Caption-style text data
+ + + + +

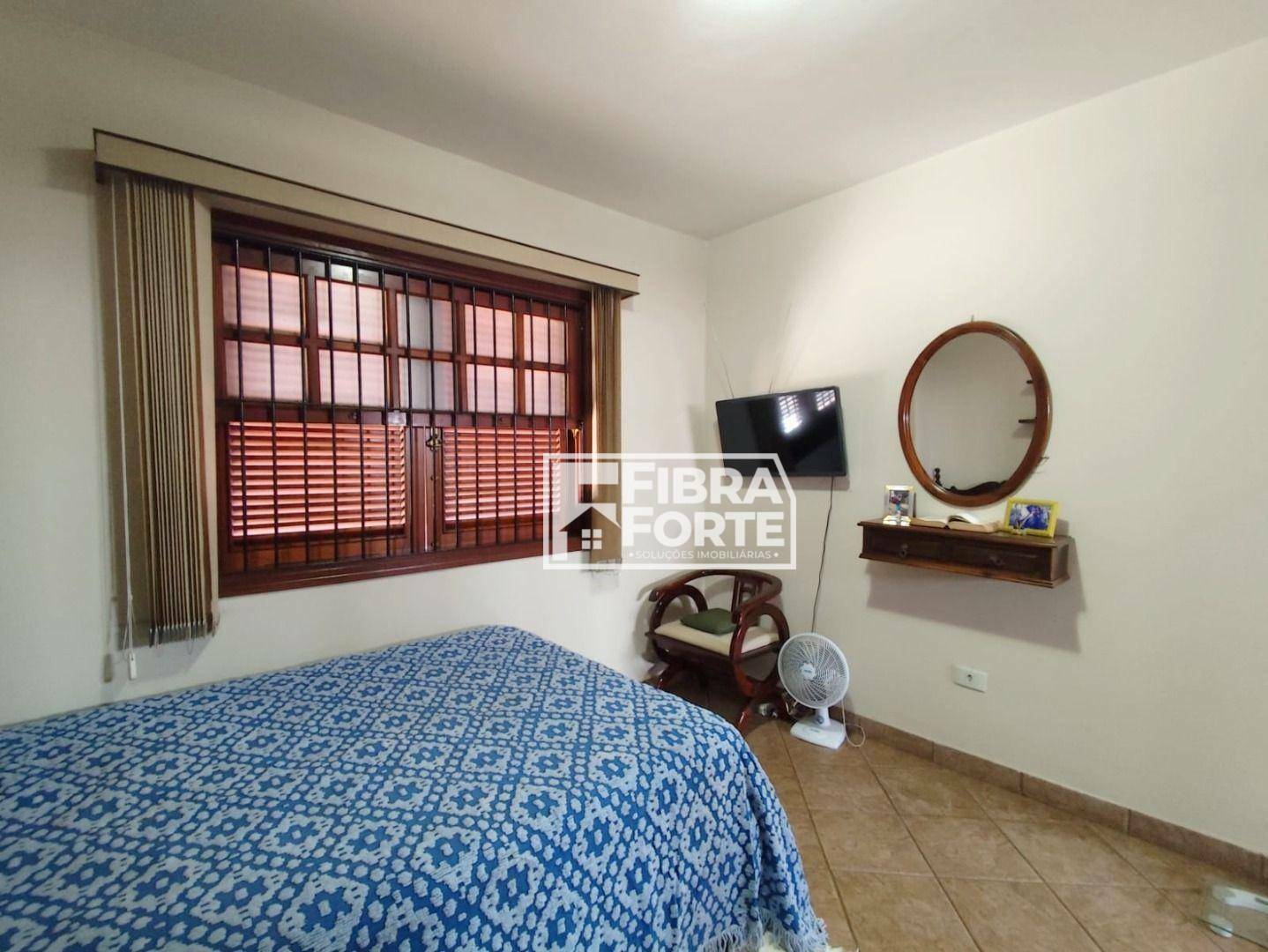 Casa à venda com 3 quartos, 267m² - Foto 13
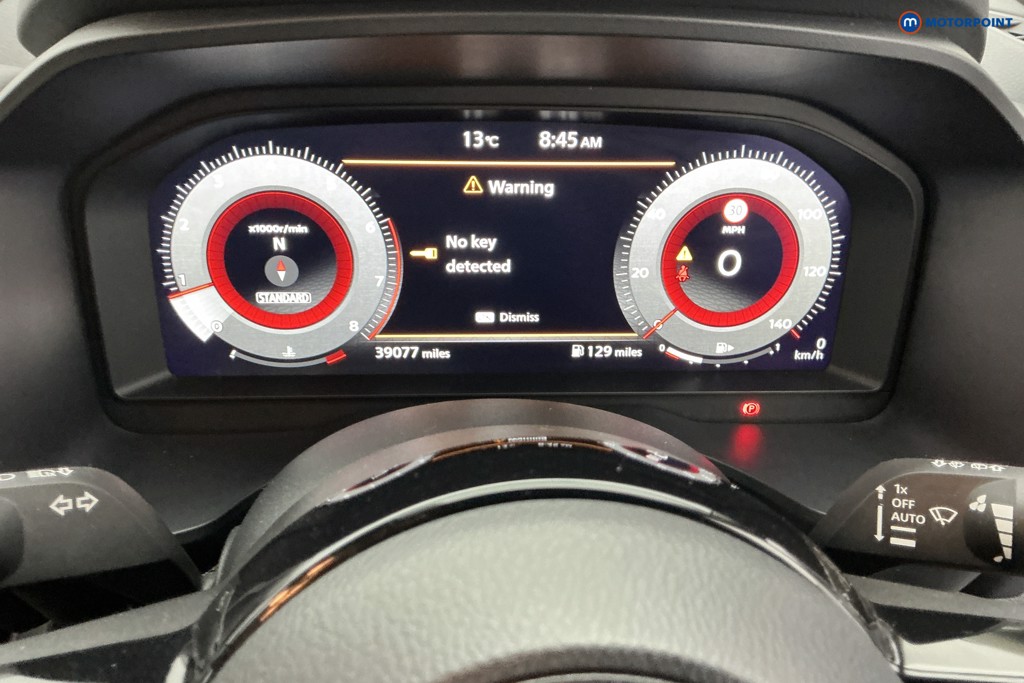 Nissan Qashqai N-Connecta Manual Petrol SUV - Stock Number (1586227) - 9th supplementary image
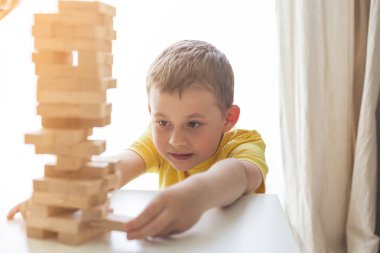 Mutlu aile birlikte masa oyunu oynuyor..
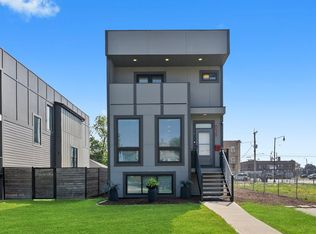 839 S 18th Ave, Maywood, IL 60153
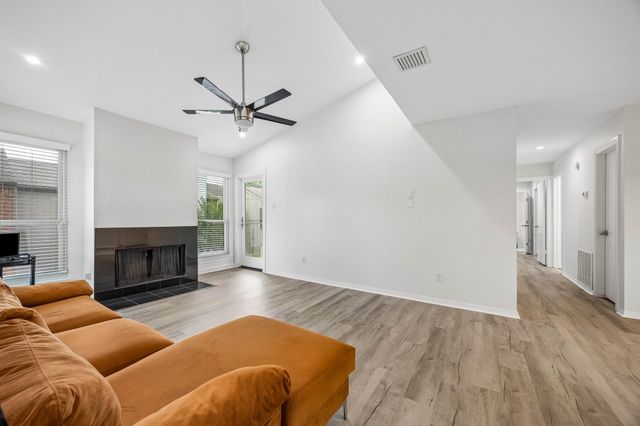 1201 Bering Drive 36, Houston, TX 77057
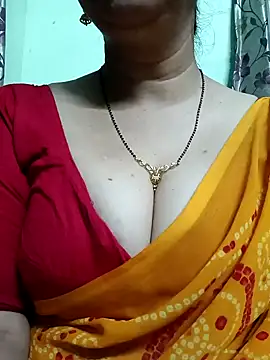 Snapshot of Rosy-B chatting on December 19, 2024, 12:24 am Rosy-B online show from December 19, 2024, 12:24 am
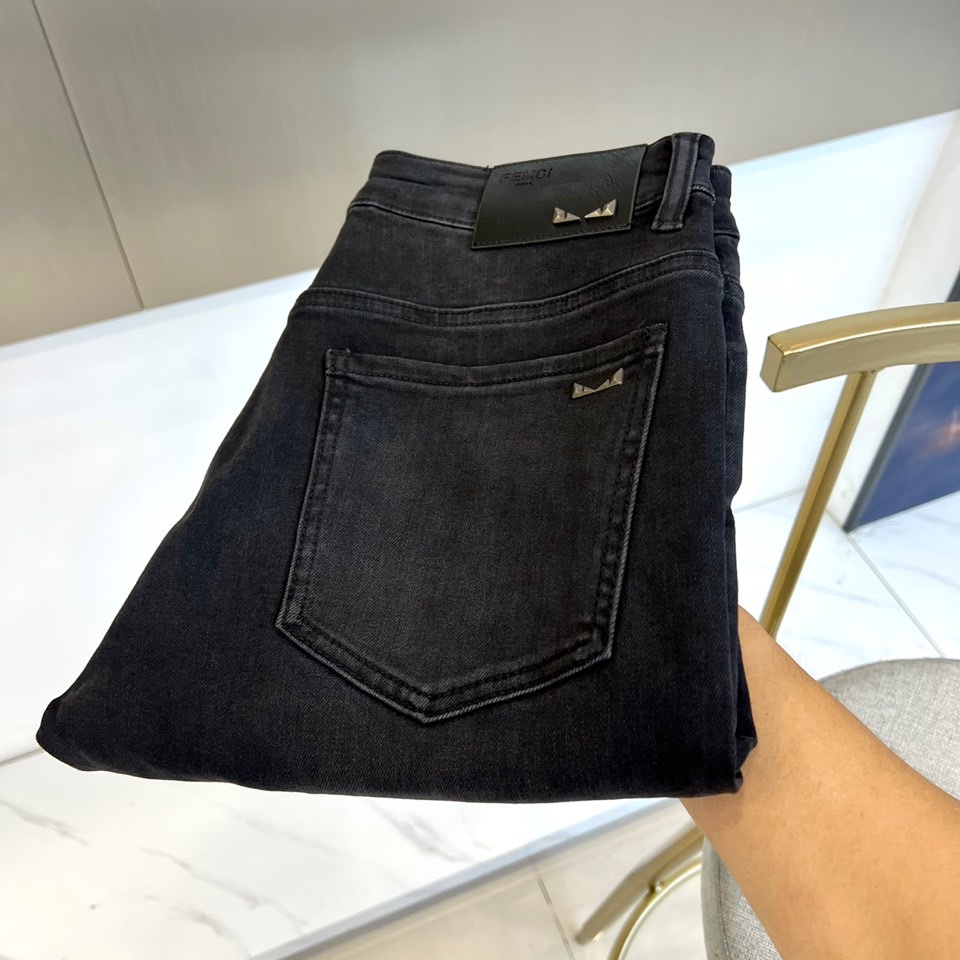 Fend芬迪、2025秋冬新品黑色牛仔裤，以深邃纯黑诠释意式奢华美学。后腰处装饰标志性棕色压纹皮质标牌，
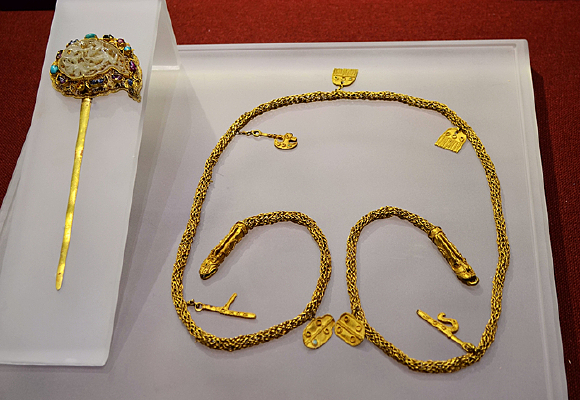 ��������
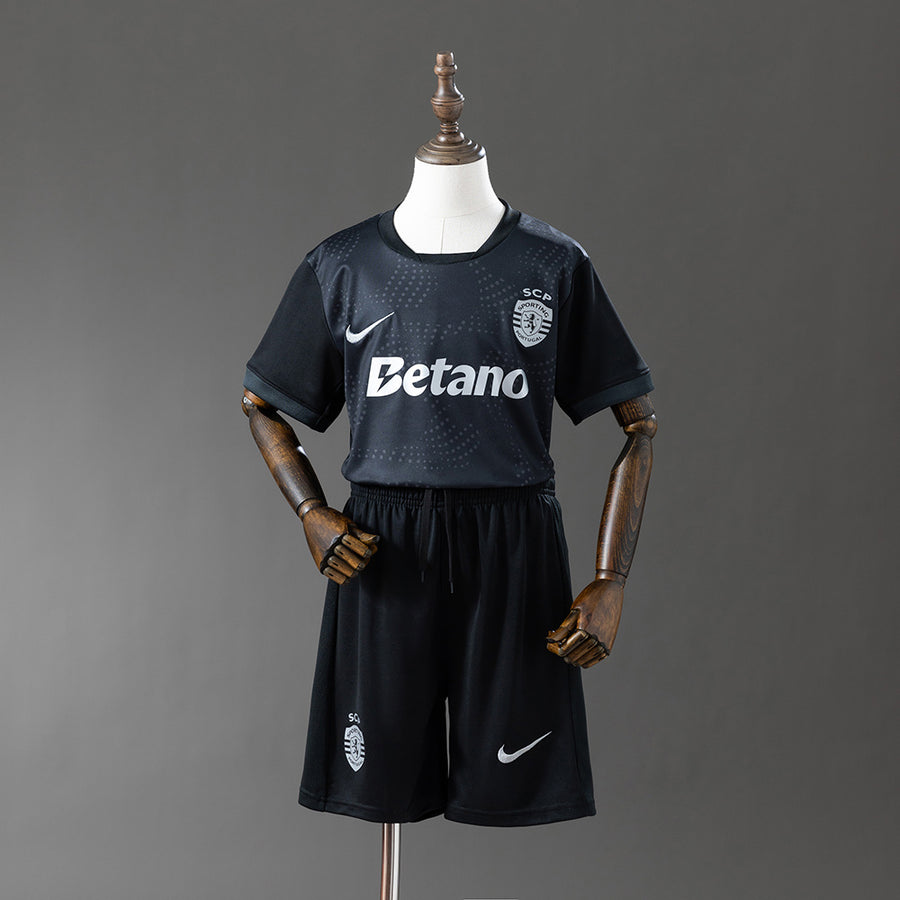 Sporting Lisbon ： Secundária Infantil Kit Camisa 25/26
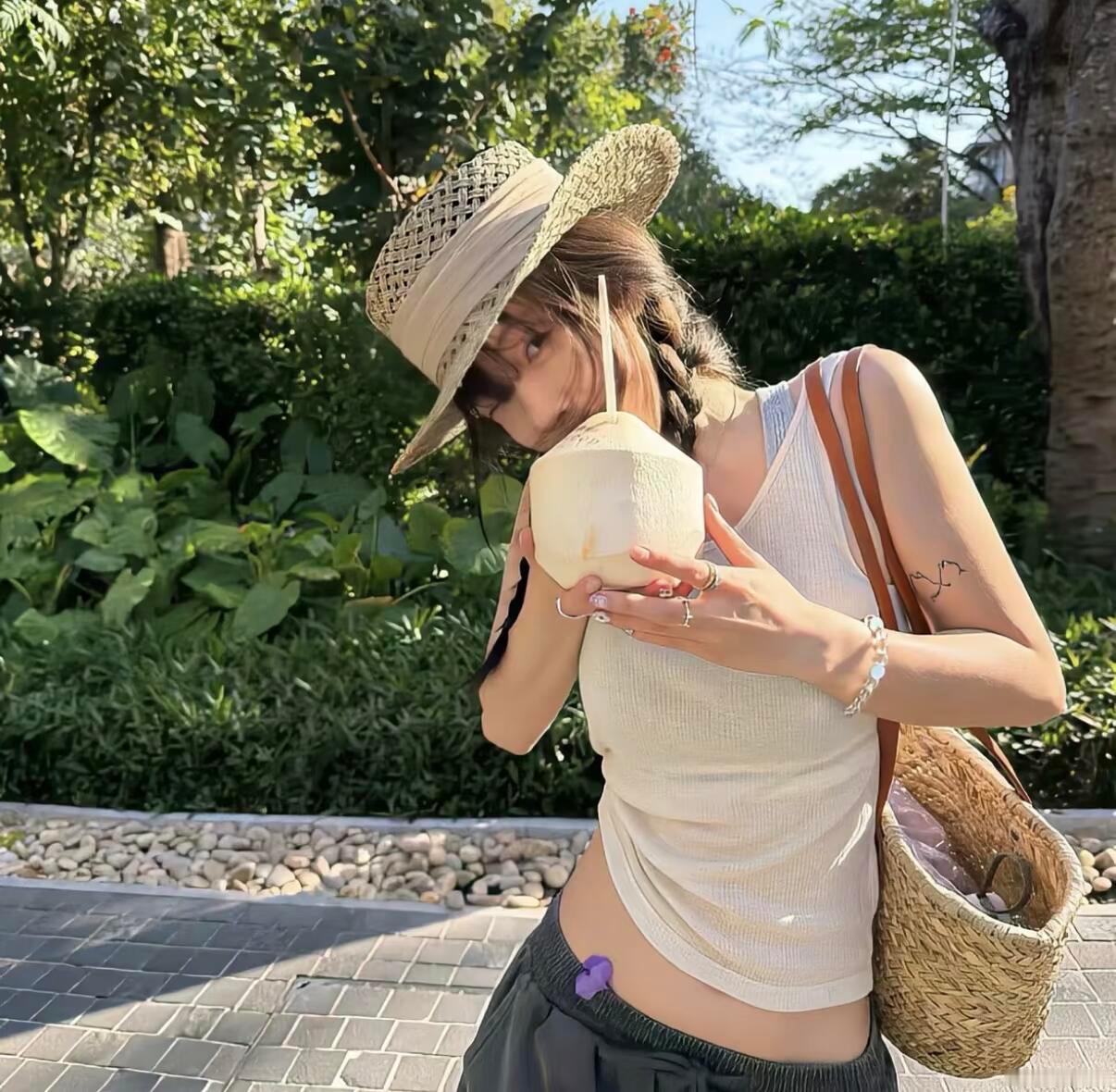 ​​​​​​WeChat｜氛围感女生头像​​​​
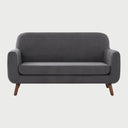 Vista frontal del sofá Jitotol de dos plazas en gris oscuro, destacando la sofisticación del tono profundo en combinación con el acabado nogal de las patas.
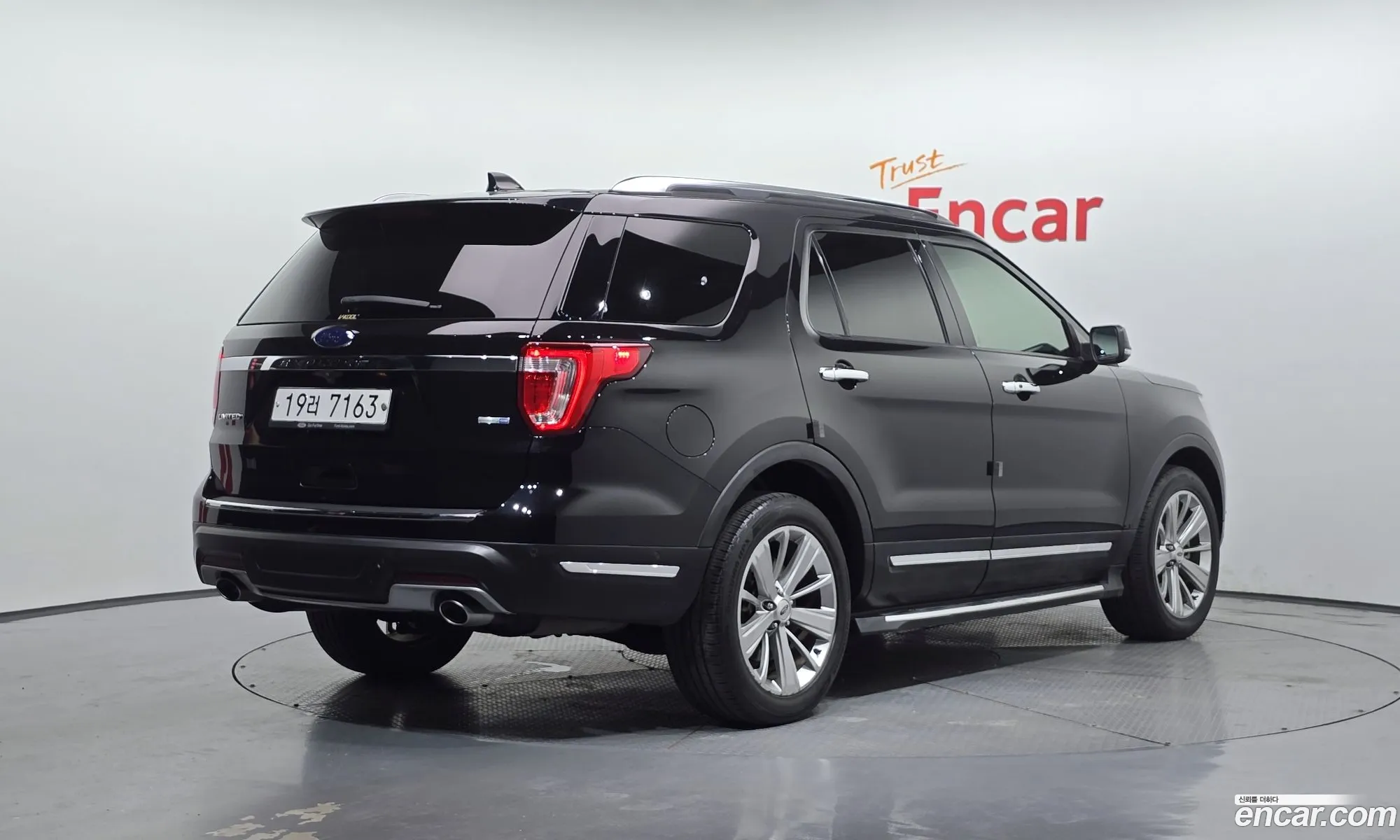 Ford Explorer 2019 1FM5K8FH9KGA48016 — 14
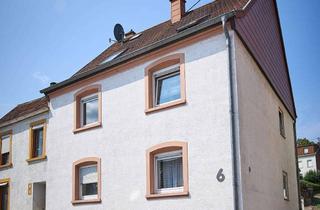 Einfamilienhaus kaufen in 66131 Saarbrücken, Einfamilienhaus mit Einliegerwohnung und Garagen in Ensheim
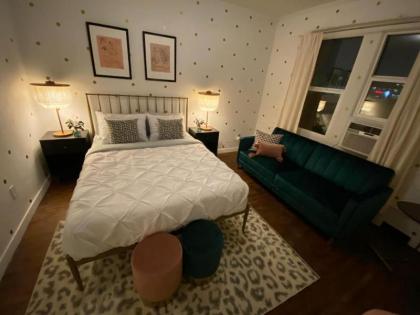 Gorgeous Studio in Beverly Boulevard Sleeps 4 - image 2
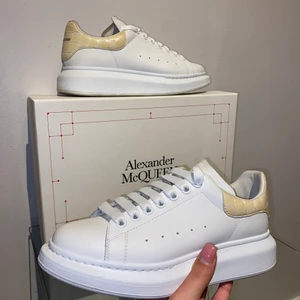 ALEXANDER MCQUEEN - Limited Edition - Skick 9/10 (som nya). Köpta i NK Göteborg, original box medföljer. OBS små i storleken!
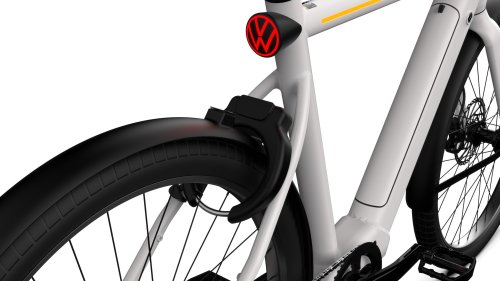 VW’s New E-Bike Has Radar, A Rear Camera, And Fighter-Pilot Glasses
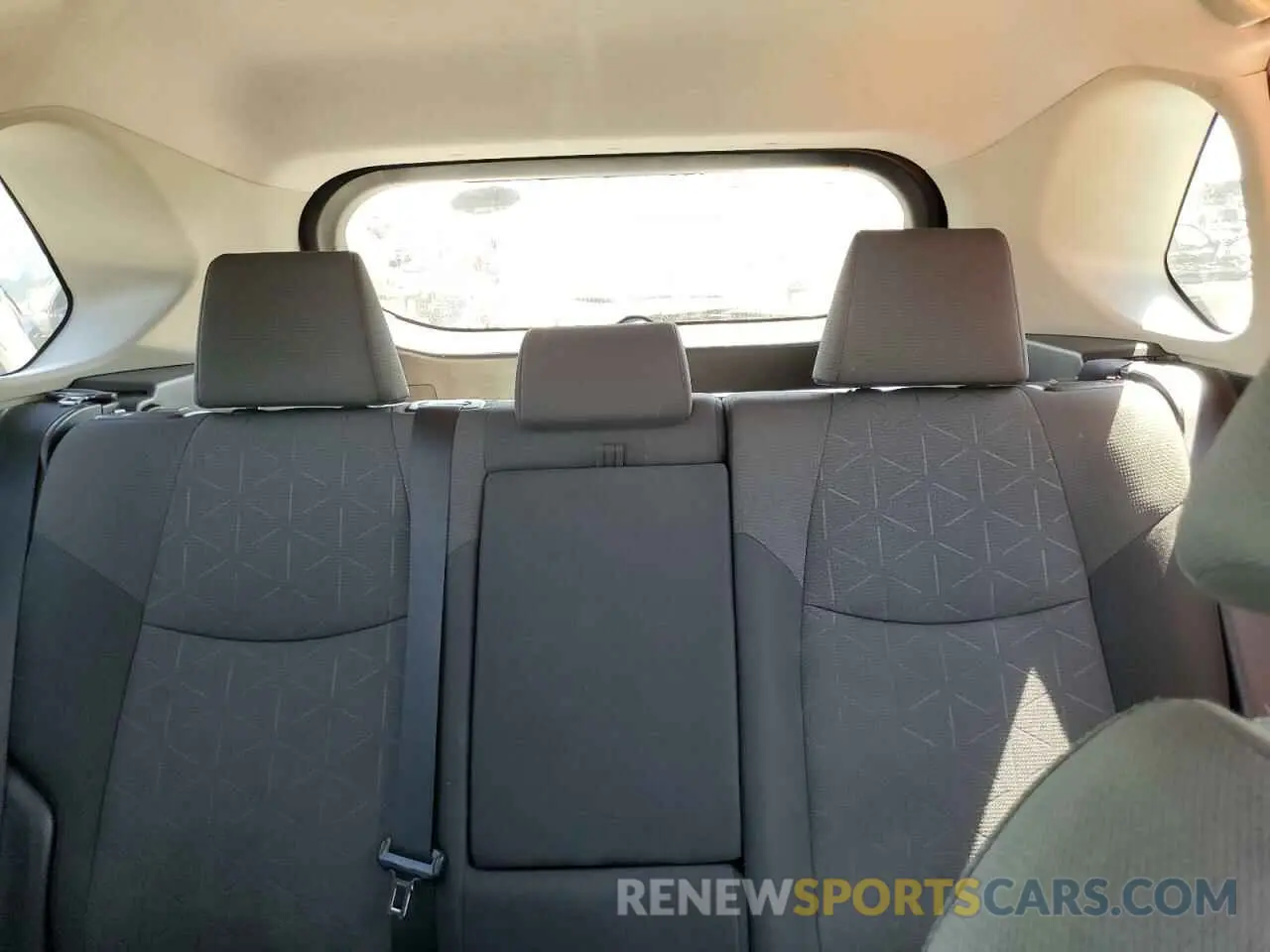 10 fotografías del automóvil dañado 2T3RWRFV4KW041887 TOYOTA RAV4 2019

+ + + + +

**WHAT YOU WILL DO**
What you return must be every entry, word for word, without any pictures.

**TASK OUTPUT**
 Casa à venda com 3 quartos, 267m² - Foto 13
 Nissan Qashqai N-Connecta Manual Petrol SUV - Stock Number (1586227) - 9th supplementary image
 Mutlu aile birlikte masa oyunu oynuyor..
 839 S 18th Ave, Maywood, IL 60153
 1201 Bering Drive 36, Houston, TX 77057
 Snapshot of Rosy-B chatting on December 19, 2024, 12:24 am Rosy-B online show from December 19, 2024, 12:24 am
 Fend芬迪、2025秋冬新品黑色牛仔裤，以深邃纯黑诠释意式奢华美学。后腰处装饰标志性棕色压纹皮质标牌，
 ��������
 Sporting Lisbon ： Secundária Infantil Kit Camisa 25/26
 ​​​​​​WeChat｜氛围感女生头像​​​​
 Vista frontal del sofá Jitotol de dos plazas en gris oscuro, destacando la sofisticación del tono profundo en combinación con el acabado nogal de las patas.
 Ford Explorer 2019 1FM5K8FH9KGA48016 — 14
 Einfamilienhaus kaufen in 66131 Saarbrücken, Einfamilienhaus mit Einliegerwohnung und Garagen in Ensheim
 Gorgeous Studio in Beverly Boulevard Sleeps 4 - image 2
 ALEXANDER MCQUEEN - Limited Edition - Skick 9/10 (som nya). Köpta i NK Göteborg, original box medföljer. OBS små i storleken!
 VW’s New E-Bike Has Radar, A Rear Camera, And Fighter-Pilot Glasses
 10 fotografías del automóvil dañado 2T3RWRFV4KW041887 TOYOTA RAV4 2019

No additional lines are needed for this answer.